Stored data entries
########################################

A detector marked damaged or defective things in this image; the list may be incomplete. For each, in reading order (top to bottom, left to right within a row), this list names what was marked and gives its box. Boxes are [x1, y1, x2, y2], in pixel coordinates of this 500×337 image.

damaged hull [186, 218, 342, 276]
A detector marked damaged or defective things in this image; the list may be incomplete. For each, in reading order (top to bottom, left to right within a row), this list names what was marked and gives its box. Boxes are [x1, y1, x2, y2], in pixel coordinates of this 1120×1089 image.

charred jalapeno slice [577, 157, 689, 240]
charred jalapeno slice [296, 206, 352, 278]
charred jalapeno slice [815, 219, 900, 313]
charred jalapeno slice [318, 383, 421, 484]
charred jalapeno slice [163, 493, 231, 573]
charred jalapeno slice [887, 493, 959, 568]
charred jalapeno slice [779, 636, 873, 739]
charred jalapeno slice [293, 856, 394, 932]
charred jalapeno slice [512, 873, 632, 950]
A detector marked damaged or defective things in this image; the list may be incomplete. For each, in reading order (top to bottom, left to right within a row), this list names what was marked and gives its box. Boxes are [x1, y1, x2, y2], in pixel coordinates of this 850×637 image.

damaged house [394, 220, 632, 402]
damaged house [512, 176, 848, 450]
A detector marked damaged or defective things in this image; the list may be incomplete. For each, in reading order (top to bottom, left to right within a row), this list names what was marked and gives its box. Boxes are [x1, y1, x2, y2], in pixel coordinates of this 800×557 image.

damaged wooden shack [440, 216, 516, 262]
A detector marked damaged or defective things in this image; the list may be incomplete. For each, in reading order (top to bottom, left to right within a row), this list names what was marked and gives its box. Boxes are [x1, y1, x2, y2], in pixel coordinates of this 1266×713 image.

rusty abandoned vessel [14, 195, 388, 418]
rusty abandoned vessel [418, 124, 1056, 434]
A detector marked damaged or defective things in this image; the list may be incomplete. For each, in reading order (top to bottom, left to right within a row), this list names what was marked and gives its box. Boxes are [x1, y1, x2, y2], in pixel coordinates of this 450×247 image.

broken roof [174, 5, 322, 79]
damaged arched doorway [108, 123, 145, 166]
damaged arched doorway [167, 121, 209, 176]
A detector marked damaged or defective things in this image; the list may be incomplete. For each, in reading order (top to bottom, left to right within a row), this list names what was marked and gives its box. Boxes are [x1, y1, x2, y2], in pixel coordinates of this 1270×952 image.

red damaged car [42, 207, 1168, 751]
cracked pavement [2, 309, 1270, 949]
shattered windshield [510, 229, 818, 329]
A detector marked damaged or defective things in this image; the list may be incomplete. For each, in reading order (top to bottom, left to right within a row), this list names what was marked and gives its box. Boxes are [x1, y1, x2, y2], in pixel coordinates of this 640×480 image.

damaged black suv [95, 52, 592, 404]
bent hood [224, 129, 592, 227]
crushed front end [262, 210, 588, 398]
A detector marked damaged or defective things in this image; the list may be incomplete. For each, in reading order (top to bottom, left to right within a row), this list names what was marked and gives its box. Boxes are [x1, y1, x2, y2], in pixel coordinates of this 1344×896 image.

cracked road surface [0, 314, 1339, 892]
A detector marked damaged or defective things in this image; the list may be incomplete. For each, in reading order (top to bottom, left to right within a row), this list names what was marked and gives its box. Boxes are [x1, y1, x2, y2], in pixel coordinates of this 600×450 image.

########################################

(PROBLEM TO SOLVE): In this exercise, repeat all entries exactly.

(ANSWER SPACE):
A detector marked damaged or defective things in this image; the list may be incomplete. For each, in reading order (top to bottom, left to right within a row), this list names what was marked and gives its box. Boxes are [x1, y1, x2, y2], in pixel coordinates of this 500×337 image.

damaged hull [186, 218, 342, 276]
A detector marked damaged or defective things in this image; the list may be incomplete. For each, in reading order (top to bottom, left to right within a row), this list names what was marked and gives its box. Boxes are [x1, y1, x2, y2], in pixel coordinates of this 1120×1089 image.

charred jalapeno slice [577, 157, 689, 240]
charred jalapeno slice [296, 206, 352, 278]
charred jalapeno slice [815, 219, 900, 313]
charred jalapeno slice [318, 383, 421, 484]
charred jalapeno slice [163, 493, 231, 573]
charred jalapeno slice [887, 493, 959, 568]
charred jalapeno slice [779, 636, 873, 739]
charred jalapeno slice [293, 856, 394, 932]
charred jalapeno slice [512, 873, 632, 950]
A detector marked damaged or defective things in this image; the list may be incomplete. For each, in reading order (top to bottom, left to right within a row), this list names what was marked and gives its box. Boxes are [x1, y1, x2, y2], in pixel coordinates of this 850×637 image.

damaged house [394, 220, 632, 402]
damaged house [512, 176, 848, 450]
A detector marked damaged or defective things in this image; the list may be incomplete. For each, in reading order (top to bottom, left to right within a row), this list names what was marked and gives its box. Boxes are [x1, y1, x2, y2], in pixel coordinates of this 800×557 image.

damaged wooden shack [440, 216, 516, 262]
A detector marked damaged or defective things in this image; the list may be incomplete. For each, in reading order (top to bottom, left to right within a row), this list names what was marked and gives its box. Boxes are [x1, y1, x2, y2], in pixel coordinates of this 1266×713 image.

rusty abandoned vessel [14, 195, 388, 418]
rusty abandoned vessel [418, 124, 1056, 434]
A detector marked damaged or defective things in this image; the list may be incomplete. For each, in reading order (top to bottom, left to right within a row), this list names what was marked and gives its box. Boxes are [x1, y1, x2, y2], in pixel coordinates of this 450×247 image.

broken roof [174, 5, 322, 79]
damaged arched doorway [108, 123, 145, 166]
damaged arched doorway [167, 121, 209, 176]
A detector marked damaged or defective things in this image; the list may be incomplete. For each, in reading order (top to bottom, left to right within a row), this list names what was marked and gives its box. Boxes are [x1, y1, x2, y2], in pixel coordinates of this 1270×952 image.

red damaged car [42, 207, 1168, 751]
cracked pavement [2, 309, 1270, 949]
shattered windshield [510, 229, 818, 329]
A detector marked damaged or defective things in this image; the list may be incomplete. For each, in reading order (top to bottom, left to right within a row), this list names what was marked and gives its box. Boxes are [x1, y1, x2, y2], in pixel coordinates of this 640×480 image.

damaged black suv [95, 52, 592, 404]
bent hood [224, 129, 592, 227]
crushed front end [262, 210, 588, 398]
A detector marked damaged or defective things in this image; the list may be incomplete. For each, in reading order (top to bottom, left to right within a row), this list names what was marked and gives its box. Boxes are [x1, y1, x2, y2], in pixel coordinates of this 1344×896 image.

cracked road surface [0, 314, 1339, 892]
A detector marked damaged or defective things in this image; the list may be incomplete. For each, in reading order (top to bottom, left to right within a row), this list names what was marked and gives its box. Boxes are [x1, y1, x2, y2], in pixel coordinates of this 600×450 image.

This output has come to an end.